## Task details
Your task is to extract every entry that follows word for word while excluding the pictures.

Dataset excerpts:
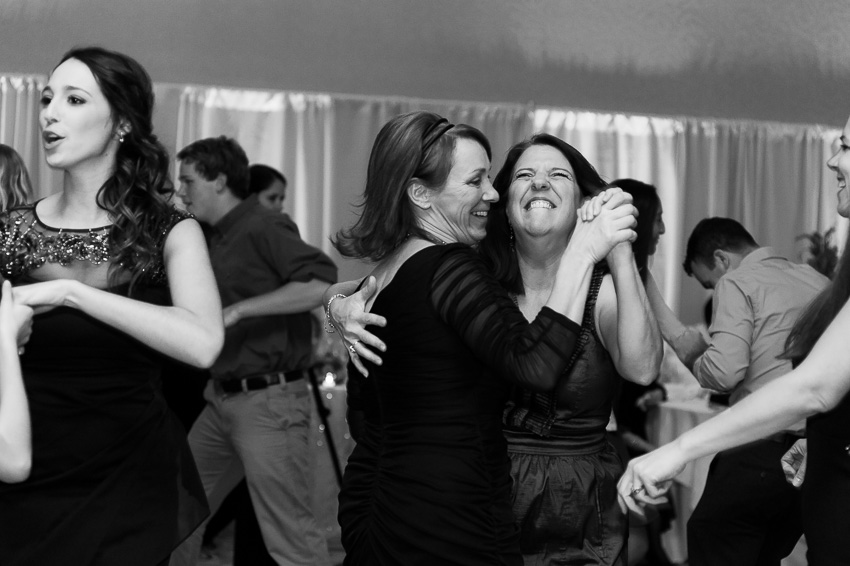 guests dancing at cypress room wedding reception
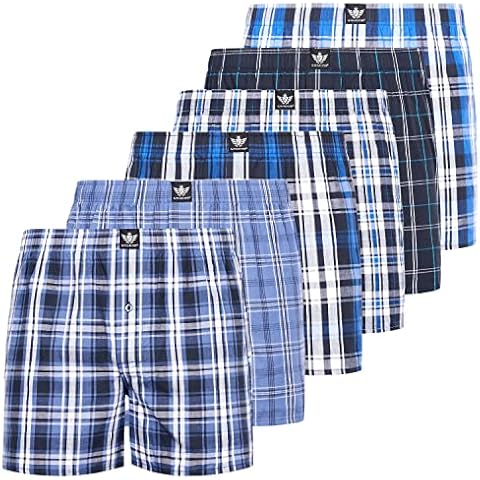 KANDOR Men's (6 Pack) Woven Boxers for Men Loose Fit Plaid Cotton Boxer Shorts Underwear(L,Hexad) Cover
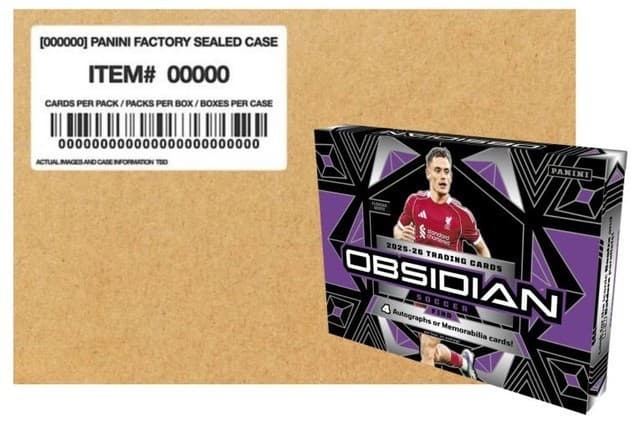 2025-26 Panini Obsidian FIFA Soccer Factory Sealed 12 Box Hobby Case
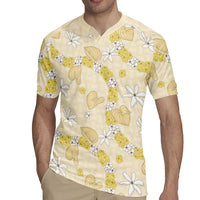Hawaii Anthurium Tiare Pikake Lei Rugby Jersey Melemele Lauhala Art Pattern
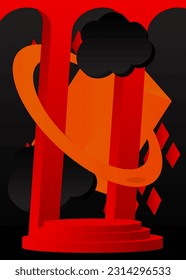 Black, orange and red stage showcase. Abstract Mockup cylinder pedestal podium. Vector product display for presentation. Minimal geometric scene.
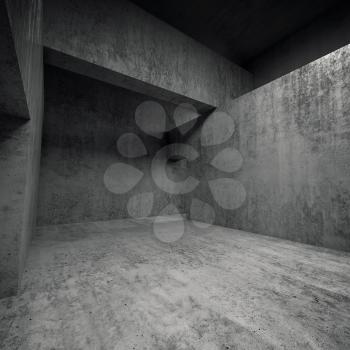Abstract empty dark concrete interior, square 3d illustration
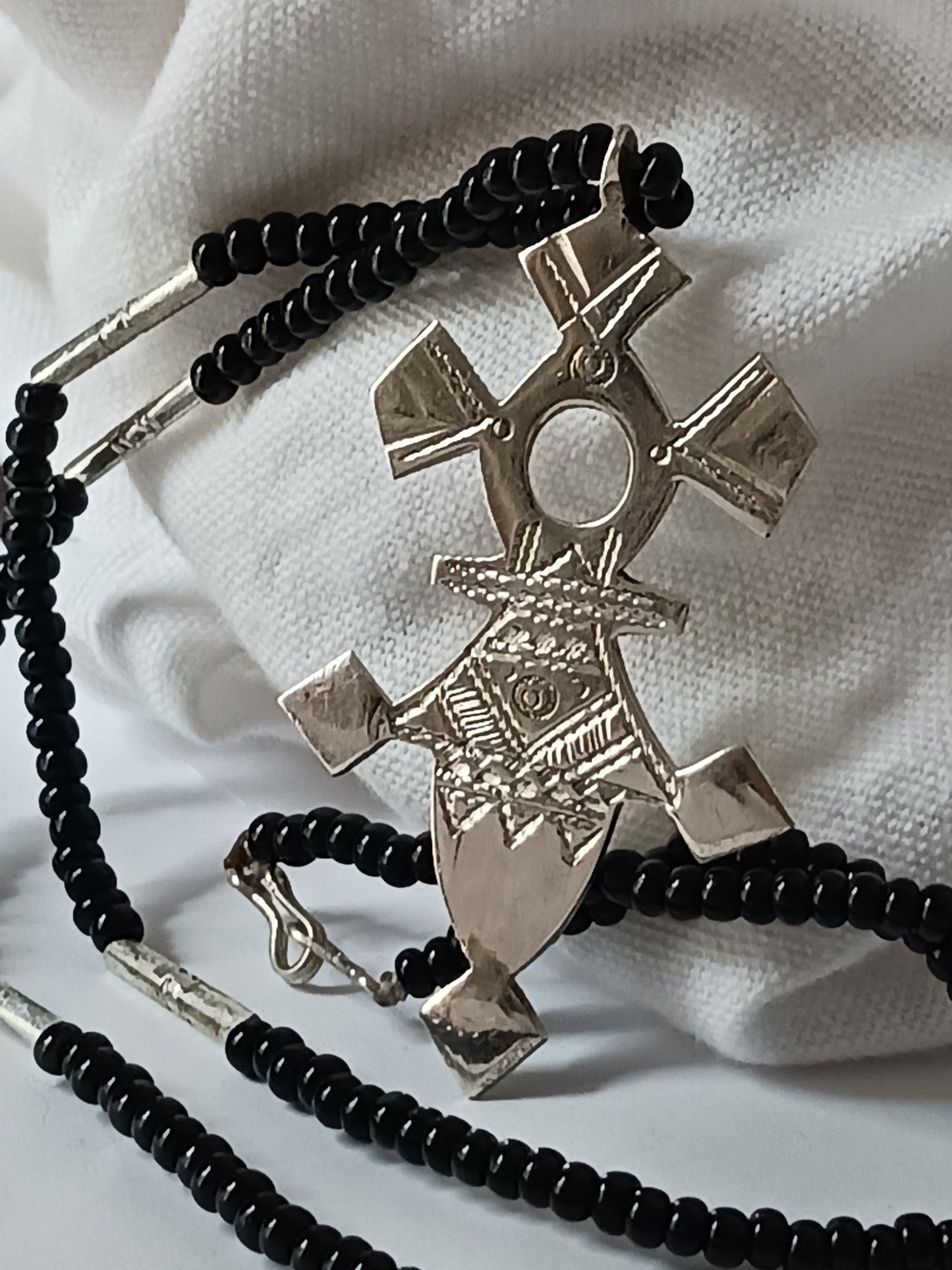Collier Croix touareg en argent massif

## Exercise response
 guests dancing at cypress room wedding reception
 KANDOR Men's (6 Pack) Woven Boxers for Men Loose Fit Plaid Cotton Boxer Shorts Underwear(L,Hexad) Cover
 2025-26 Panini Obsidian FIFA Soccer Factory Sealed 12 Box Hobby Case
Hawaii Anthurium Tiare Pikake Lei Rugby Jersey Melemele Lauhala Art Pattern
 Black, orange and red stage showcase. Abstract Mockup cylinder pedestal podium. Vector product display for presentation. Minimal geometric scene.
Abstract empty dark concrete interior, square 3d illustration
Collier Croix touareg en argent massif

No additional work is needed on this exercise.